You will need to be careful where you cross the mid ranges. find the distance between the centers by dividing 1130 by the frequency that you want to cross and multiplying that answer by 12 to get the inches. Don't exceed that.
You will need to be careful where you cross the mid ranges. find the distance between the centers by dividing 1130 by the frequency that you want to cross and multiplying that answer by 12 to get the inches. Don't exceed that.
Has any research been done on how to implement this in multi way systems? The ones he built for parts express are narrow enough, but lets say you had a row of 10-12" woofers, would they need to be angled outwards to follow the curve of the sphere, or is it better for them to point in the same plane as the regular drivers (or in 3+ way systems, the tweeters)? Would it be better to have them on both sides or just one?
Most CBT examples in the Don Keele literature focuses on mid/high bands coverage with the curved/arc array. Keele usually adds stand alone subwoofer(s) along side the arrays and not part of the curved cabinet. Keele's constant beamwidth coverage seems to be limited to mid and high frequencies.
I suspect that subs and large woofers have near omni-directional coverage over their low frequency range so you would have difficulties extending constant beamwidth capability down low.
You might contact Don and ask him for advice. He is usually very approachable about technical matters.
I suspect that subs and large woofers have near omni-directional coverage over their low frequency range so you would have difficulties extending constant beamwidth capability down low.
You might contact Don and ask him for advice. He is usually very approachable about technical matters.
Its interesting that you should comment that closing the backs causes destruction of "all of the detail and clarity".
In my opinion this is because by closing the backs you are causing the backwave to return through the speaker material out of phase which will definitely muddy the waters.
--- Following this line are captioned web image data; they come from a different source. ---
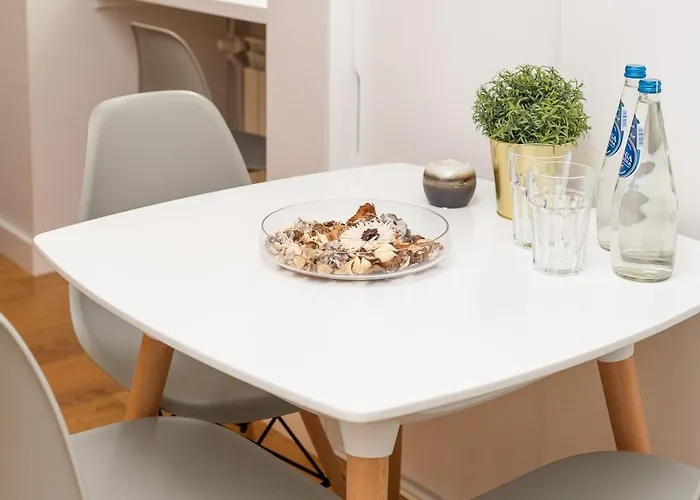 Rent Like - Nieklanska 9/11 Varsó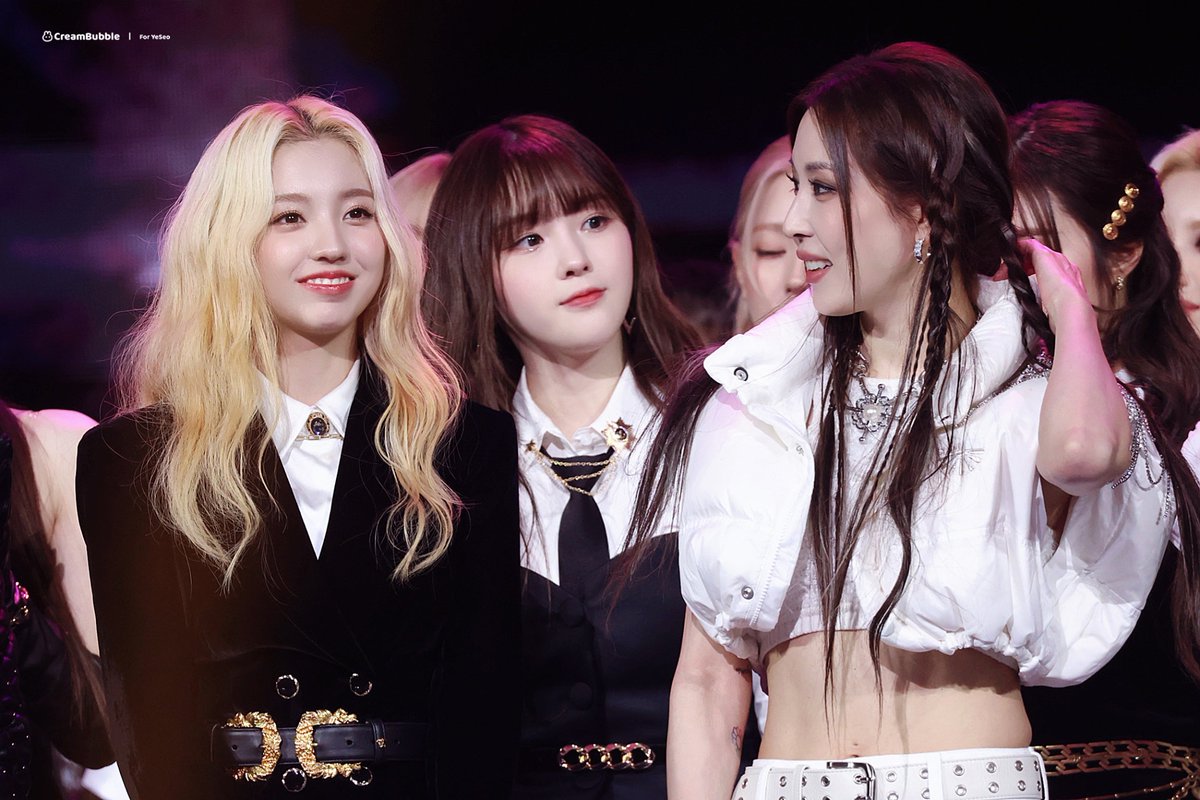 CreamBubble_ys's tweet photo. 221216 KBS가요대축제
[HD]

선배 옆에 있는 착한 아이🐰

#YESEO #강예서 #예서 #イェソ 
#Kep1er #케플러 https://t.co/bnEA9zwJUj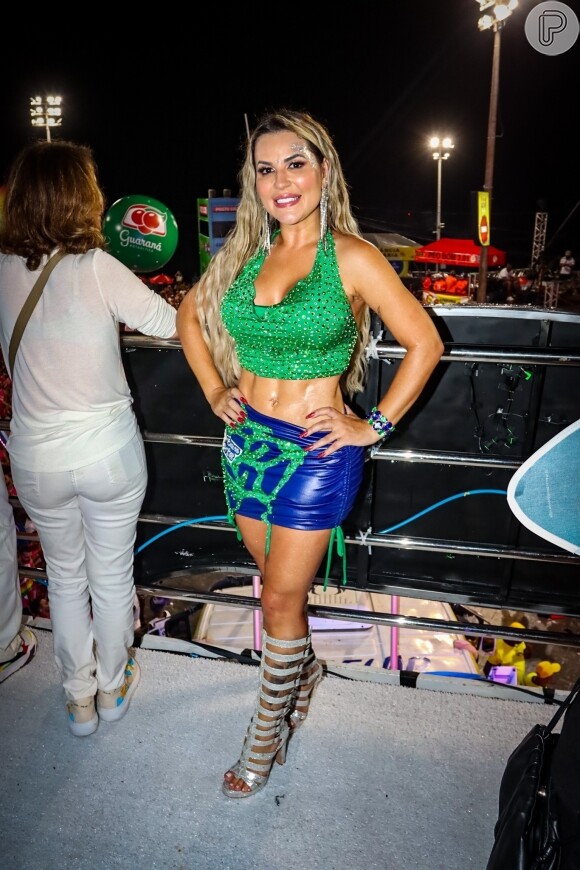 Carnaval 2024: Deolane Bezerra curtiu a folia em Salvador antes de desfilar pela Grande Rio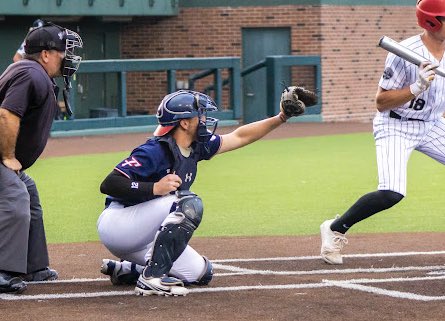Rhett Briggs (‘24 C) has a HUGE night, knocking off the host team and sending his boys to STATE!!! 

The <a href="/BaseballLabette/">Labette Baseball</a> commit was 1-2, 2BB, 2 runs scored in the opener, and 2-4 in the Regional Championship, knocking in 2RBI for the 3-1 victory! 

STATE BOUND!

#FlyersFamily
I do something different and do in fact close the backs. But instead of using a shallow box, I use a long cylinder. I pack it with 4 lb/cu ft fiberglass insulation(in a .1 cu ft cylinder this means the fiberglass has to weight 6.4 oz---I have a scale), with wooden rods through it, as well as put a slanted back. This cuts off about 98% of the back wave from return through the front, and eliminates any standing waves. The fiberglass is way superior for converting the sound pressure into heat and absorbing it. If I push the line array speakers with this hard(which is difficult to do since there are 17 of them per channel), I can actually feel the PVC cylinder getting just a bit warmer.
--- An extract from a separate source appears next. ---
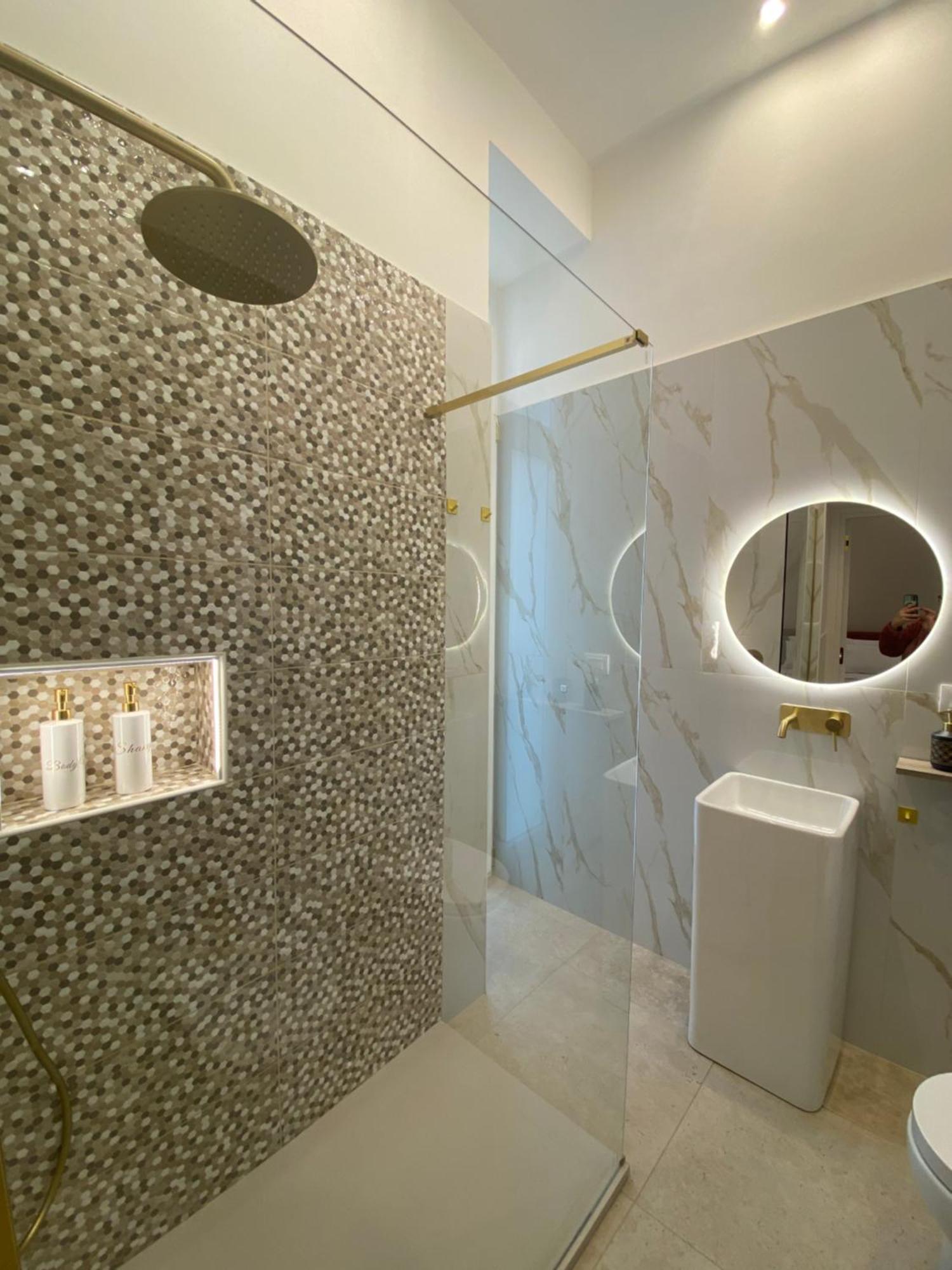 Double Room Private Bathroom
The tube simply gets more rigid, the more volume of sound is put in it, reducing the resonance, but because its a cylinder not a box you can actually determine the exact resonance, and either accept it or address that frequency. Finally, the physics of sound in closed cylinders simply eliminates all even order mushy harmonics from the back wave, so the tiny little that makes it back to the front is only odd order harmonics, which (though out of phase), in small amounts actually increases clarity.
It does also increase the speed of sound in the tube very slightly, but I'm not sure what the result of that might be.
This is a lot of work...though.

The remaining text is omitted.